▸ **Problem to work on**
Output every record verbatim, and omit each picture.

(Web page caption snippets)
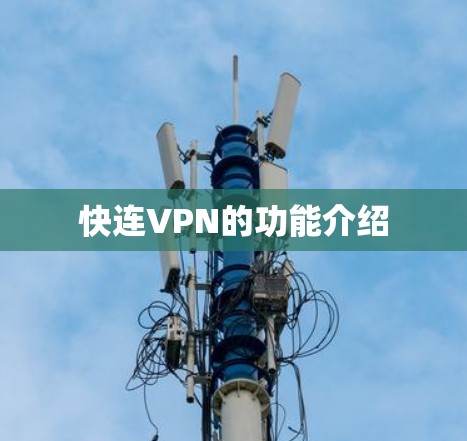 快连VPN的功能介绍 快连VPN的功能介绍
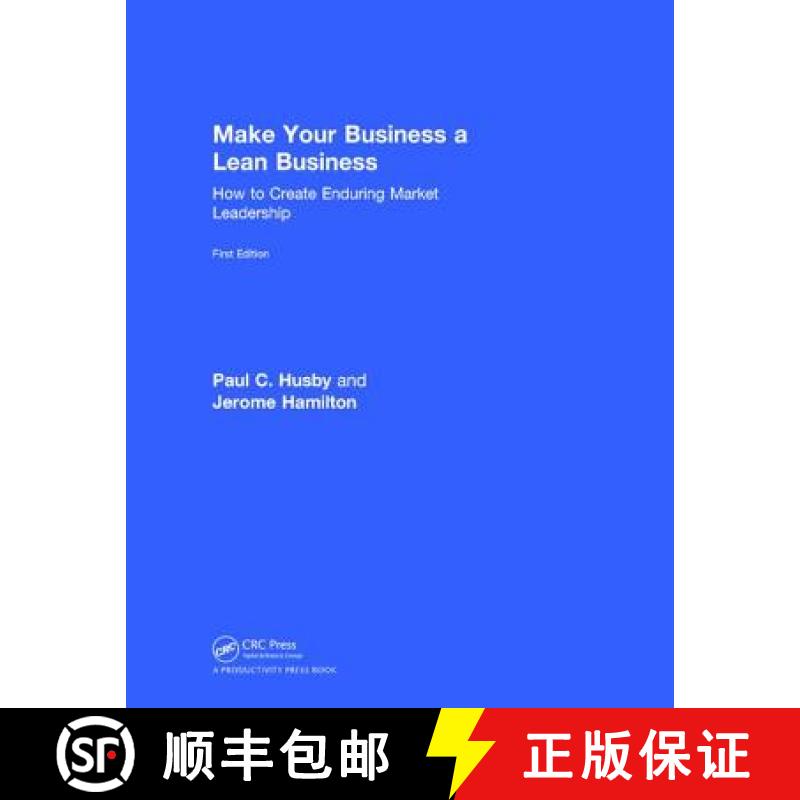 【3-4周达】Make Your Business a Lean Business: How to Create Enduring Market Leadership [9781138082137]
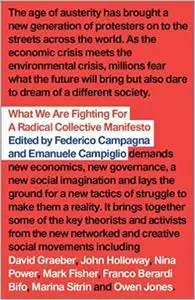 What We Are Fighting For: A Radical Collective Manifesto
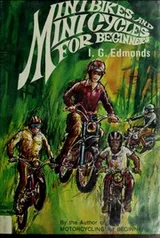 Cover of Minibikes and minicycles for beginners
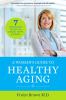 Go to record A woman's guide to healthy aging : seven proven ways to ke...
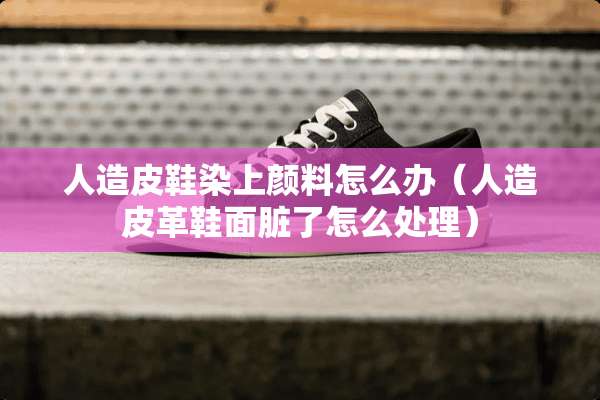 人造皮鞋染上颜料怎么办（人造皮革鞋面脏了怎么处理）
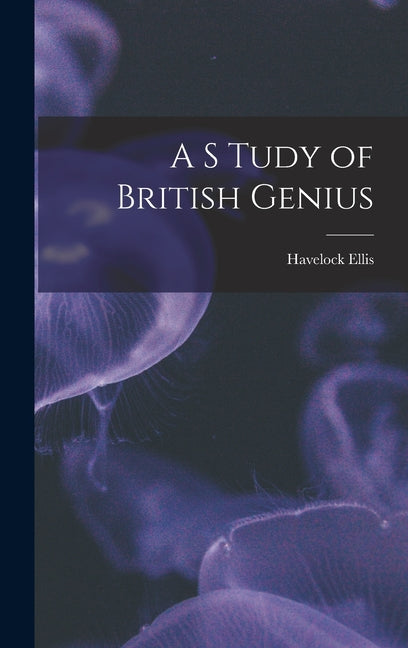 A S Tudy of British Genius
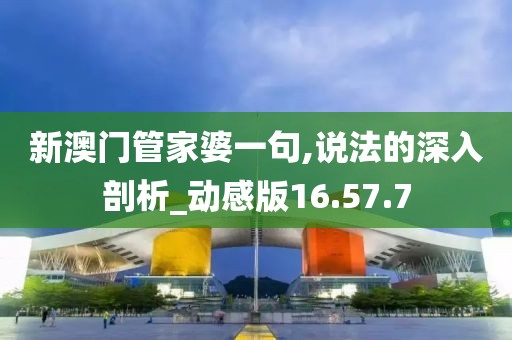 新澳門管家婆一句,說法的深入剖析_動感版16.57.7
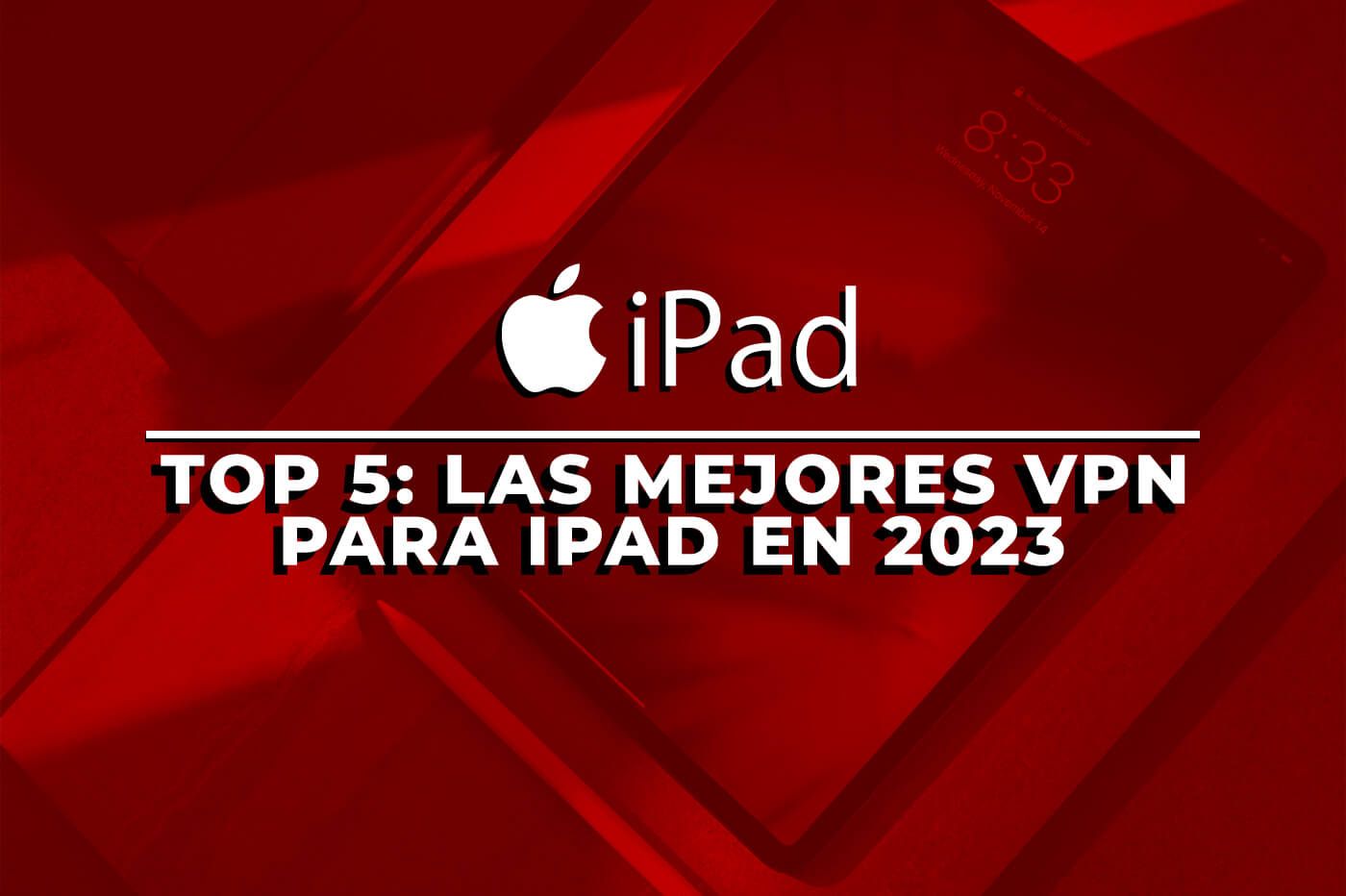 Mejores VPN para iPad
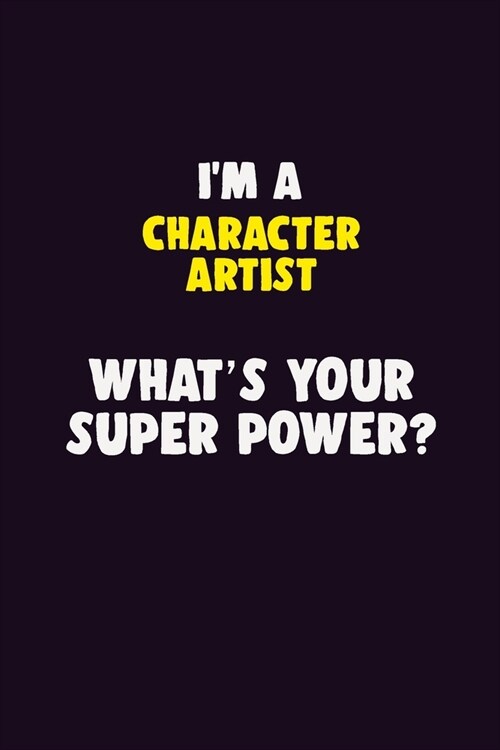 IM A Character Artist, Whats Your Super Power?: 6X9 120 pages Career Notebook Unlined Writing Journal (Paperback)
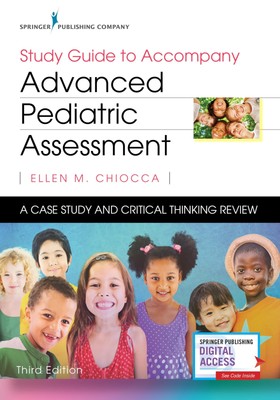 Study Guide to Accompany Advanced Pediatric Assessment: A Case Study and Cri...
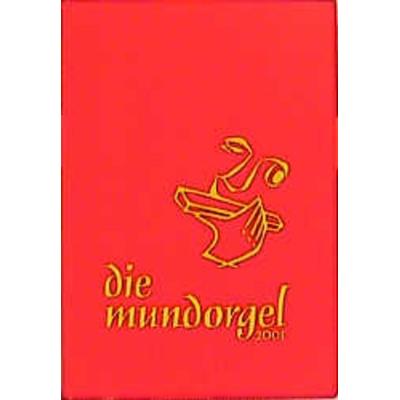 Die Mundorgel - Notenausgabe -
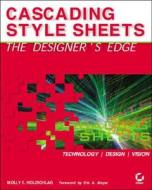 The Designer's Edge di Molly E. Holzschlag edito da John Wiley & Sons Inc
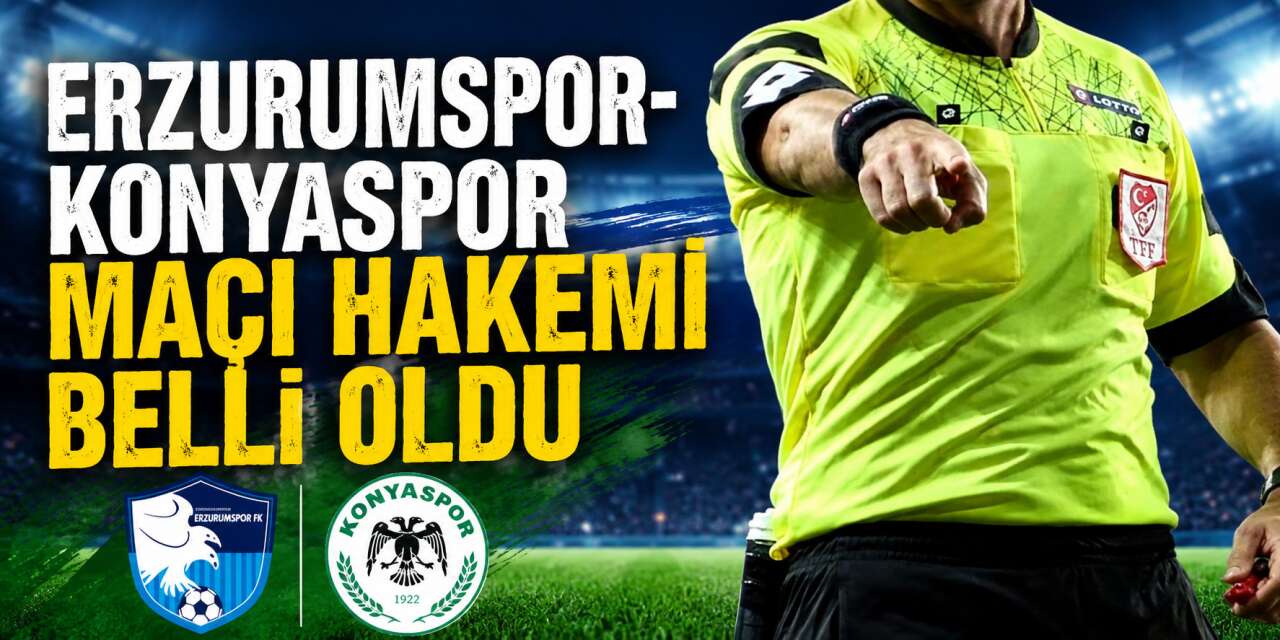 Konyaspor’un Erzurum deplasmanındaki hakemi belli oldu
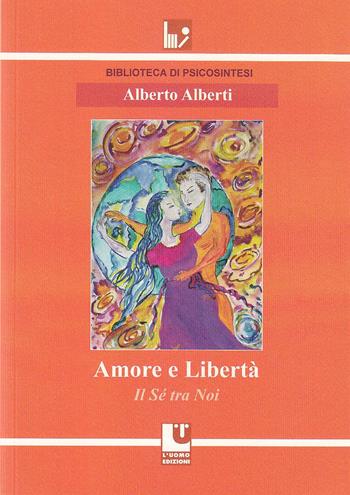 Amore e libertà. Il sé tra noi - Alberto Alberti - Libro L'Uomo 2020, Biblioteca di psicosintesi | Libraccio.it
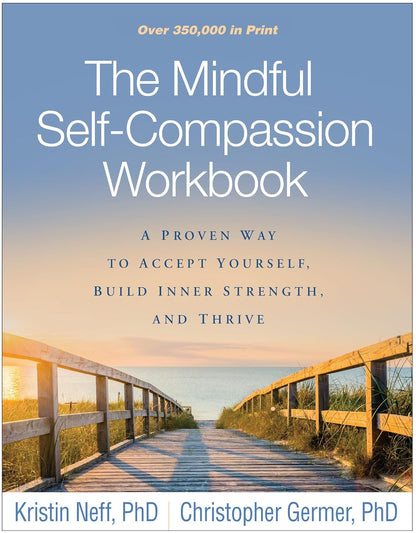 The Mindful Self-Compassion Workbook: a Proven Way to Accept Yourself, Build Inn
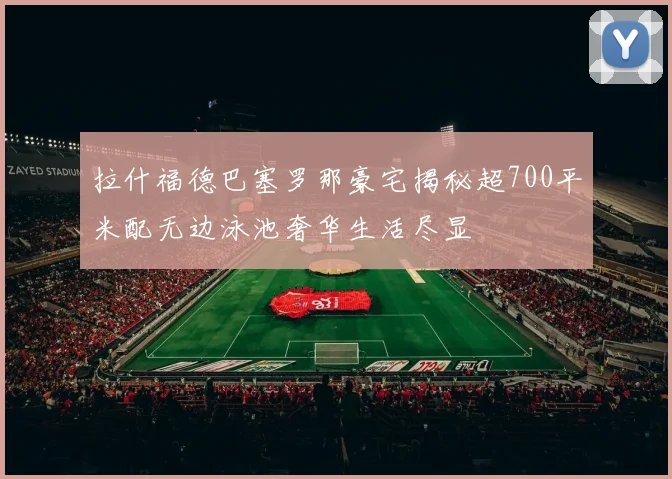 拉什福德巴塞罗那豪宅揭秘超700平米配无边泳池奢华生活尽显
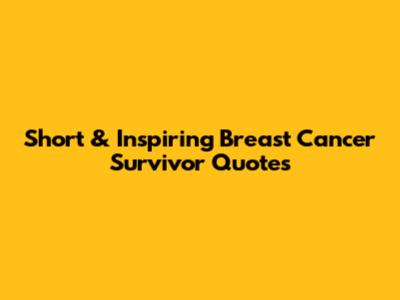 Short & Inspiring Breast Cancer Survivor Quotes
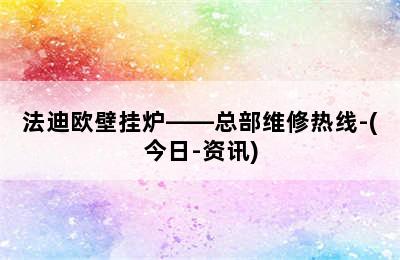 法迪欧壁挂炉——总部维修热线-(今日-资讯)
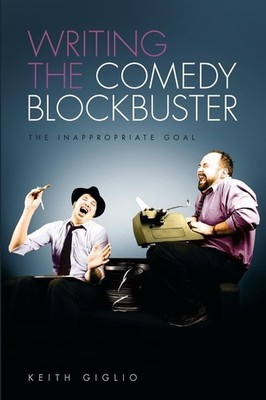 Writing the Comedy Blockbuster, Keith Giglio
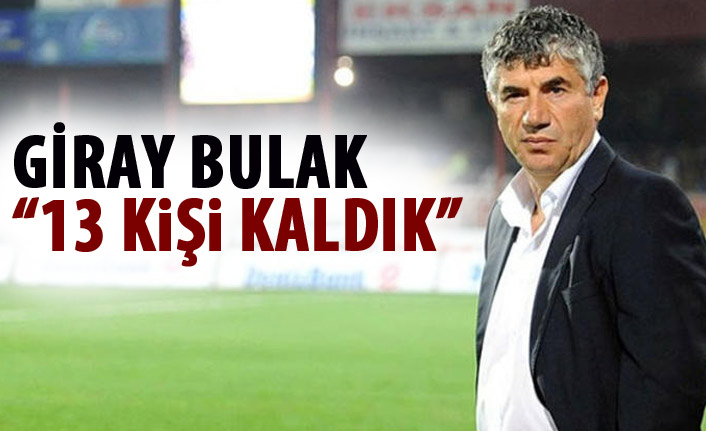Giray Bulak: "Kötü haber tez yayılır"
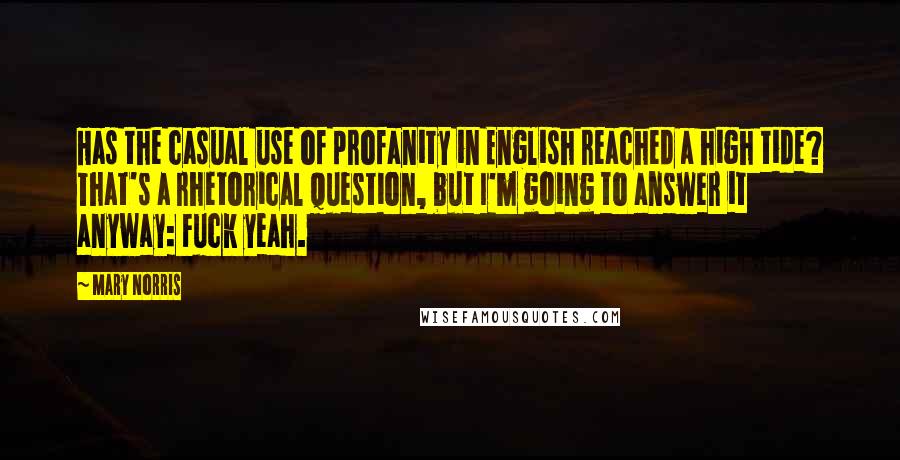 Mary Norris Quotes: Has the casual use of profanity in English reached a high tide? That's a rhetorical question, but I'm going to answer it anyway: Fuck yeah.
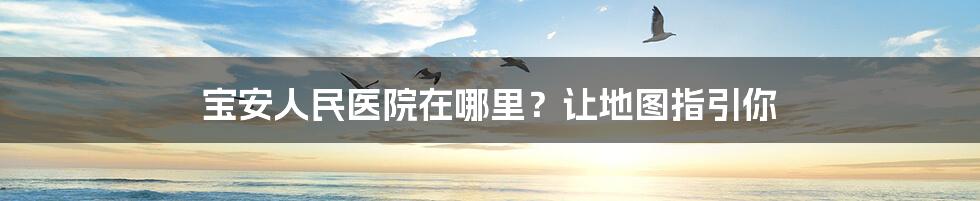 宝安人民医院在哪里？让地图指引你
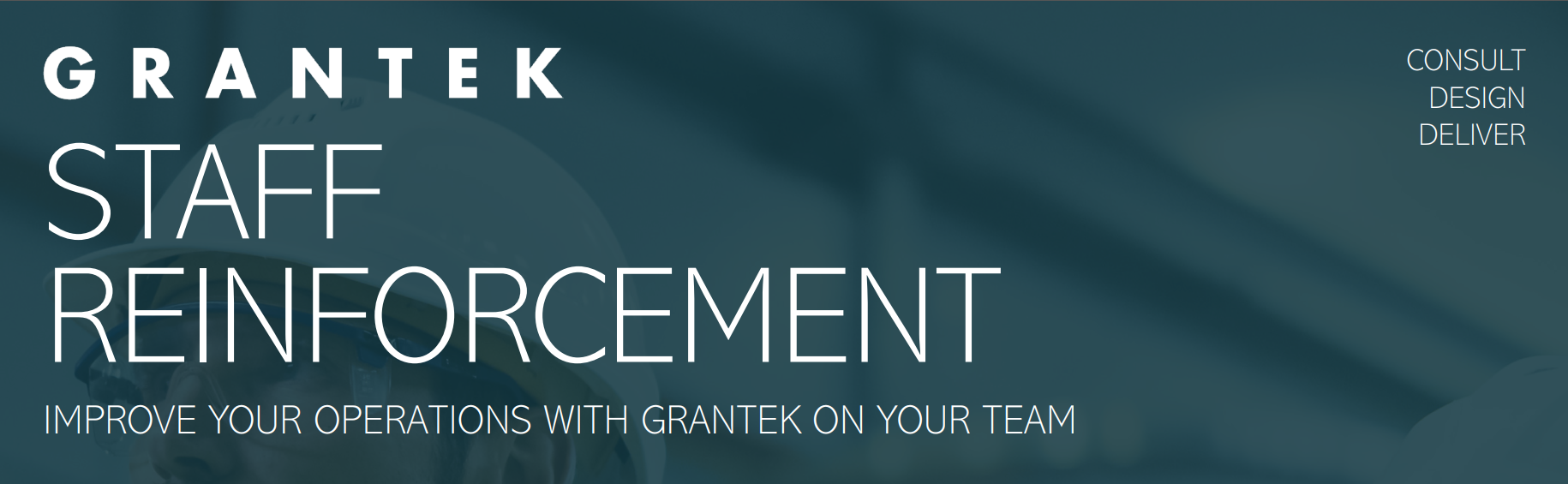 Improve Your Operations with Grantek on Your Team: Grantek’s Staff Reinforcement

▸ **Answer space**
 快连VPN的功能介绍 快连VPN的功能介绍
 【3-4周达】Make Your Business a Lean Business: How to Create Enduring Market Leadership [9781138082137]
 What We Are Fighting For: A Radical Collective Manifesto
 Cover of Minibikes and minicycles for beginners
 Go to record A woman's guide to healthy aging : seven proven ways to ke...
 人造皮鞋染上颜料怎么办（人造皮革鞋面脏了怎么处理）
 A S Tudy of British Genius
 新澳門管家婆一句,說法的深入剖析_動感版16.57.7
 Mejores VPN para iPad
 IM A Character Artist, Whats Your Super Power?: 6X9 120 pages Career Notebook Unlined Writing Journal (Paperback)
 Study Guide to Accompany Advanced Pediatric Assessment: A Case Study and Cri...
 Die Mundorgel - Notenausgabe -
 The Designer's Edge di Molly E. Holzschlag edito da John Wiley & Sons Inc
 Konyaspor’un Erzurum deplasmanındaki hakemi belli oldu
 Amore e libertà. Il sé tra noi - Alberto Alberti - Libro L'Uomo 2020, Biblioteca di psicosintesi | Libraccio.it
 The Mindful Self-Compassion Workbook: a Proven Way to Accept Yourself, Build Inn
 拉什福德巴塞罗那豪宅揭秘超700平米配无边泳池奢华生活尽显
 Short & Inspiring Breast Cancer Survivor Quotes
 法迪欧壁挂炉——总部维修热线-(今日-资讯)
 Writing the Comedy Blockbuster, Keith Giglio
Giray Bulak: "Kötü haber tez yayılır"
 Mary Norris Quotes: Has the casual use of profanity in English reached a high tide? That's a rhetorical question, but I'm going to answer it anyway: Fuck yeah.
 宝安人民医院在哪里？让地图指引你
 Improve Your Operations with Grantek on Your Team: Grantek’s Staff Reinforcement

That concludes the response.